BRIEF
Copy every line of the data exactly, keeping out any picture.

COLLECTED DATA
────────────────

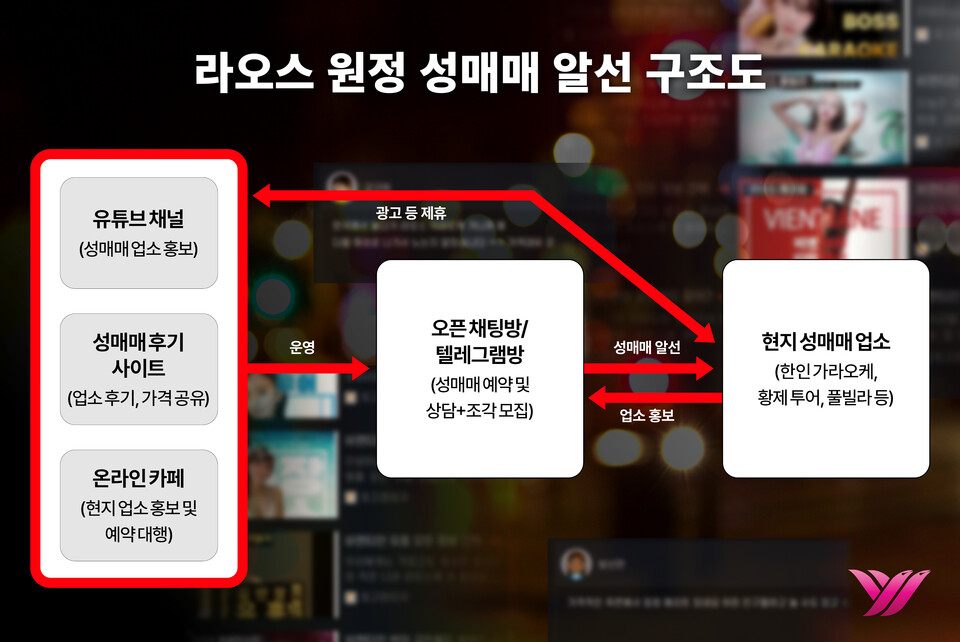 후기 사이트, 유튜브 채널, 오픈채팅방과 텔레그램 등이 상호 연계돼 성매매 정보를 공유하고 이용자를 유입시키는 주요 경로로 작동하고 있다ⓒ심숙연 디자이너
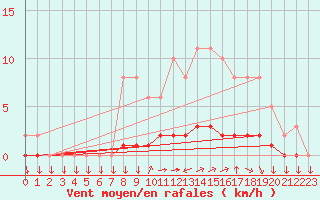 Courbe de la force du vent pour Goulles - Bagnard (19)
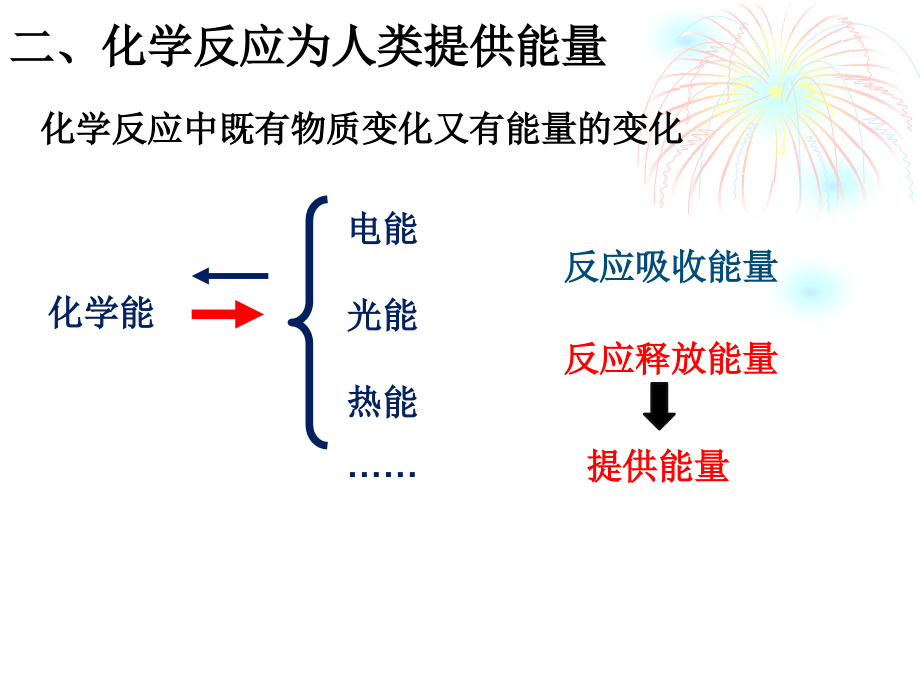 利用化学反应为人类提供能量讲课教案.ppt_第2页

────────────────

ANSWER TO THIS PROBLEM
 후기 사이트, 유튜브 채널, 오픈채팅방과 텔레그램 등이 상호 연계돼 성매매 정보를 공유하고 이용자를 유입시키는 주요 경로로 작동하고 있다ⓒ심숙연 디자이너
 Courbe de la force du vent pour Goulles - Bagnard (19)
 利用化学反应为人类提供能量讲课教案.ppt_第2页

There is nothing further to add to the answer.